If this ends up being a ReadyNAS problem, then I apologize for the diversion.

Best regards,
--
Allen Cronce

dnanian
09-09-2008, 06:17 PM
We're not going to be able to back up directly to a network drive. But I'm using a ReadyNAS to store a pretty large image and haven't had any problems. Perhaps you should try using their SMB sharing for the image?

acronce
09-09-2008, 07:10 PM
We're not going to be able to back up directly to a network drive. But I'm using a ReadyNAS to store a pretty large image and haven't had any problems. Perhaps you should try using their SMB sharing for the image?

OK, I didn't realize that the disk image route was the only way for a network backup. I can try SMB.

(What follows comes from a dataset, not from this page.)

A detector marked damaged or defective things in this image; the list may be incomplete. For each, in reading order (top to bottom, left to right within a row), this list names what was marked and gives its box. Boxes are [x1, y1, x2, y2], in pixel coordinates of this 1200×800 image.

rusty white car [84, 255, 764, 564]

BTW, what version of ReadyNAS firmware are you using? I posted on their forum and they pointed me at a new RAIDiator-4.01c1-p2 version that I'm going to try. I guess this is a prelease because it has to be downloaded from their site. It doesn't appear when you try to do a remote update.

Thanks in advance.

Best regards,
--
Allen Cronce

dnanian
09-09-2008, 08:03 PM
I have the currently released firmware (non-beta).

acronce
09-09-2008, 10:18 PM
I have the currently released firmware (non-beta).

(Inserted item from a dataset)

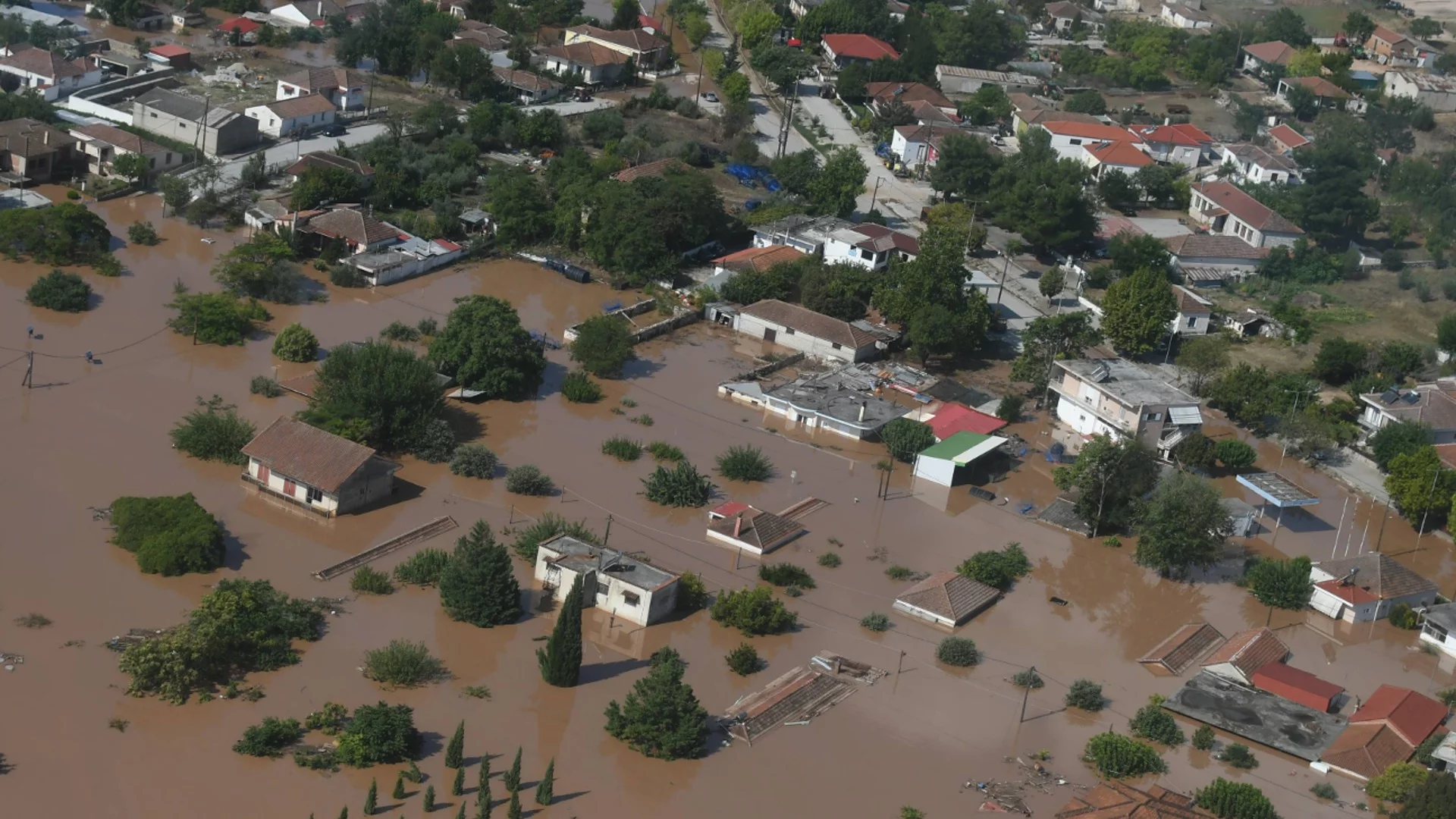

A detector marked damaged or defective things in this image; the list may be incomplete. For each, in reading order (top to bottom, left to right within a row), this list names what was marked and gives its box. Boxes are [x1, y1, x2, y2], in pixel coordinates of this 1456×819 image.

flood damage [0, 193, 1450, 819]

Sorry to be a pest, but I have a couple more questions:

1. Are you using an SMB or AFP share for your sparse image backup?

2. What model ReadyNAS do you have?

The reason why I ask is that I was using the currently released firmware and AFP on a ReadyNAS 600. If that configuration works for you and not for me, then something else must be causing the problem.

Best regards,
--
Allen Cronce

dnanian
09-09-2008, 10:50 PM
I'm using AFP, on a ReadyNAS NV.

acronce
09-11-2008, 02:02 PM
I'm using AFP, on a ReadyNAS NV.
I did a manual firmware update to version v4.01c1-p2, which isn't available via their automatic remote update system. That seems to have solved the problem. I've backed up twice with no incident.

Sorry that this turned out to be a ReadyNAS issue.

Best regards,
--
Allen Cronce

dnanian
09-11-2008, 02:25 PM
Great news; thanks for the update, ALlen.